If someone hit me or caused some sort of physical harm I don't think I'd have much of a problem forgiving them. I might stew over it until the wound heals, but once the painful reminder is gone, it'd be done.
You know the old adage, "Sticks and stones can break my bones but words can never harm me"? I don't agree. For me, words cut more deeply than any knife and break me more easily than wood or rocks. The hurtful things people say stick with me and come up at the most inconvenient times. I know that these things are mostly false, lies they used in a moment of anger or when they are consumed by their own insecurities or selfishness, but for reasons I can't explain, I can't seem to rationalize them away. It's been said that it takes 5 compliments to counteract 1 criticism or cutting remark. So I'm in need of about 50 compliments right now to discount the 10 negatives that are still circling in my head. I'm trying to tell myself how wonderful I am, and how incorrect these hurtful thoughts are, but it's difficult to believe myself.

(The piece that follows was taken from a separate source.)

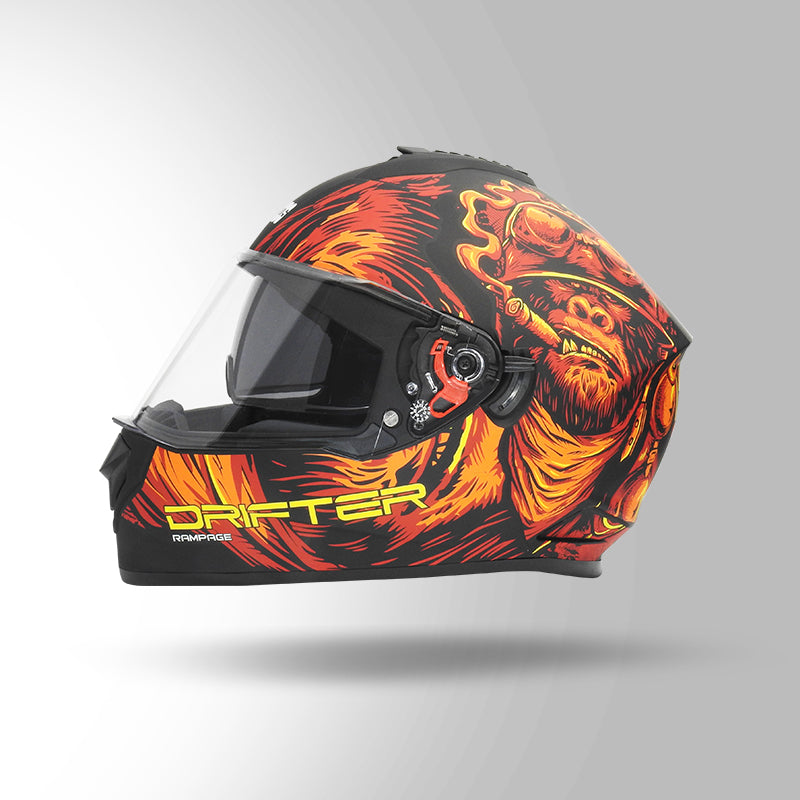 STUDDS DRIFTER D3 HELMET - MATT BLACK RED ORANGE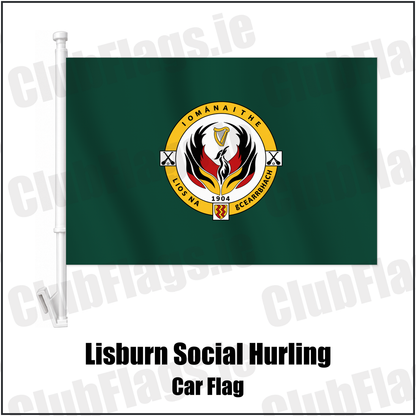 Lisburn Social Hurling Car Flag with the club crest and colours, Antrim GAA - ClubFlags.ie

I've been thinking a lot about the things we say to each other. I'm on a quest to infuse the people I know with enough positive thoughts of themselves that when someone criticizes them, they won't be affected. I don't know if it'll work, but it's worth a try. So, I'm trying to not criticize or say anything negative about people, and I'm making a point of giving sincere and genuine compliments instead. :)
Here're my thoughts about Laura (being remembered from like 6 years ago when we hung out a lot):
ReplyDelete-You know how to have fun, but you also know how to be serious when a friend needs you.
-You're a great writer.
-I love your laugh.
-You can always be relied upon.
-You make others smile because it makes you smile.
I hope these help you. Remember that you're loved.